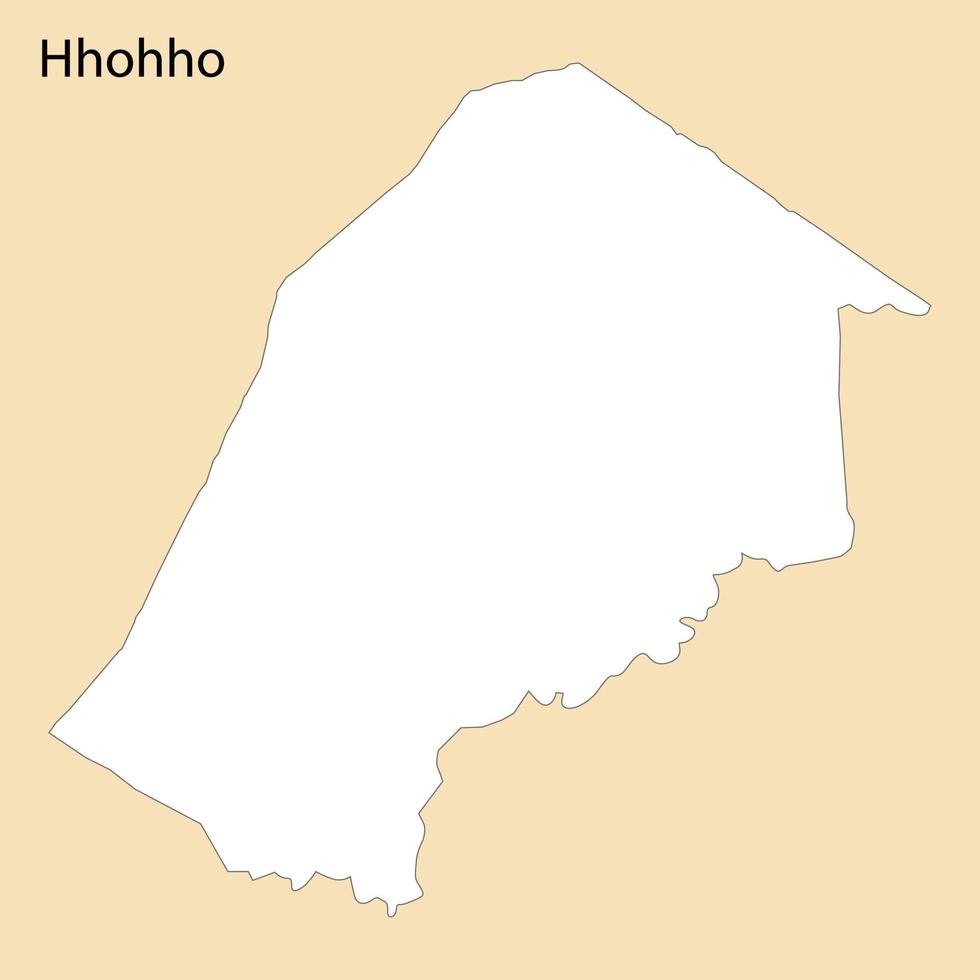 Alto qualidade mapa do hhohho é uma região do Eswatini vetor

---

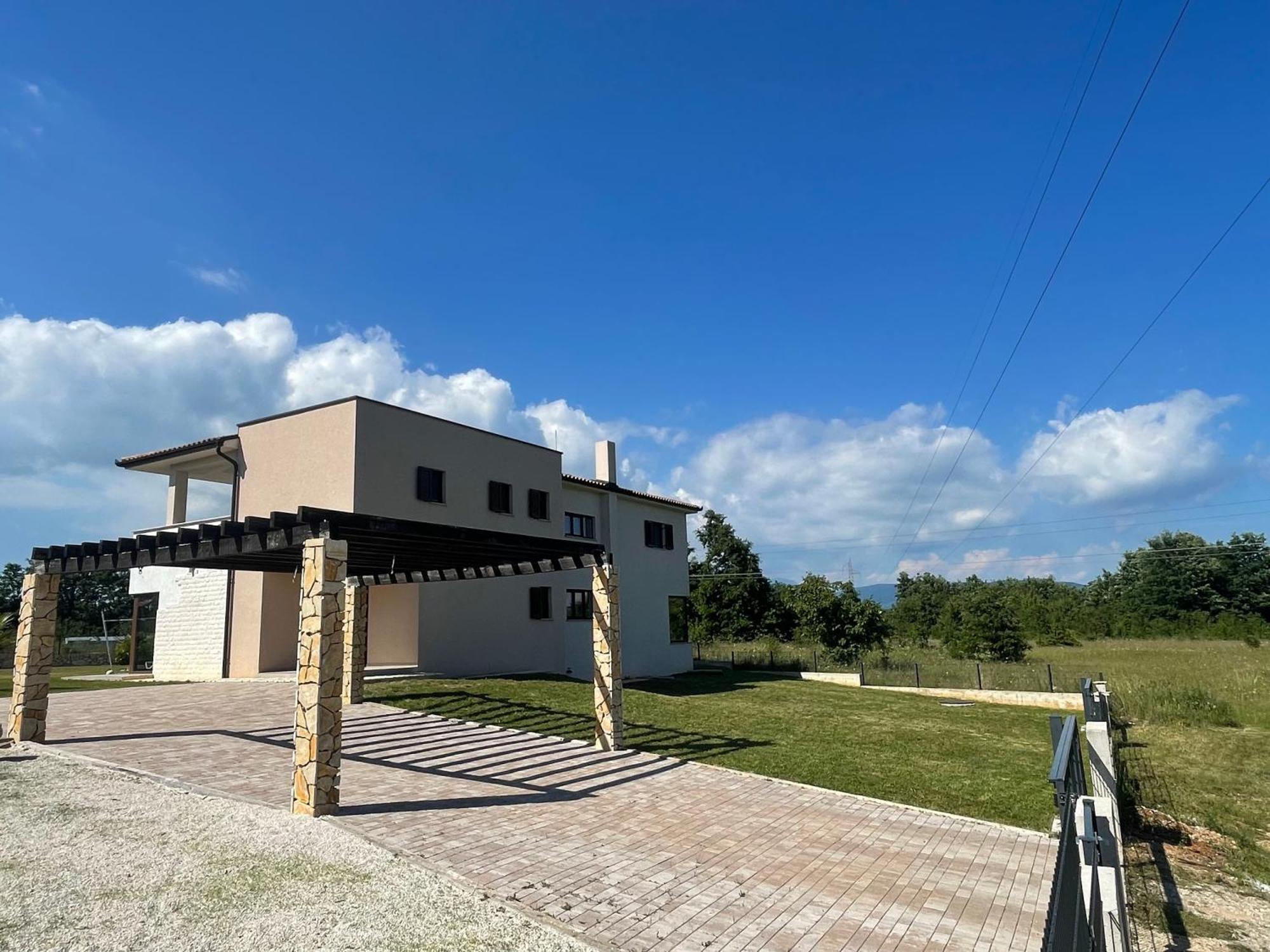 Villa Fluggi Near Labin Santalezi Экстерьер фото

...

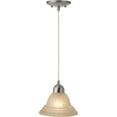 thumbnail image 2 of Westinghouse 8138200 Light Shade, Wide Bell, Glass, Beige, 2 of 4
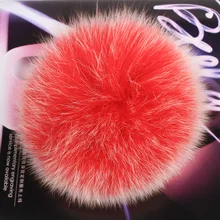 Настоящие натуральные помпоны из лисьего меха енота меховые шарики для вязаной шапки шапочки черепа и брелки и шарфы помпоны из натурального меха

_ASSIGNED TASK_
The reply should hold the entries above from the line with "thumbnail image 2" to the line with "Настоящие натуральные помпоны", duplicated exactly, pictures excluded.

_RESULT OF THE TASK_
 thumbnail image 2 of Westinghouse 8138200 Light Shade, Wide Bell, Glass, Beige, 2 of 4
 Настоящие натуральные помпоны из лисьего меха енота меховые шарики для вязаной шапки шапочки черепа и брелки и шарфы помпоны из натурального меха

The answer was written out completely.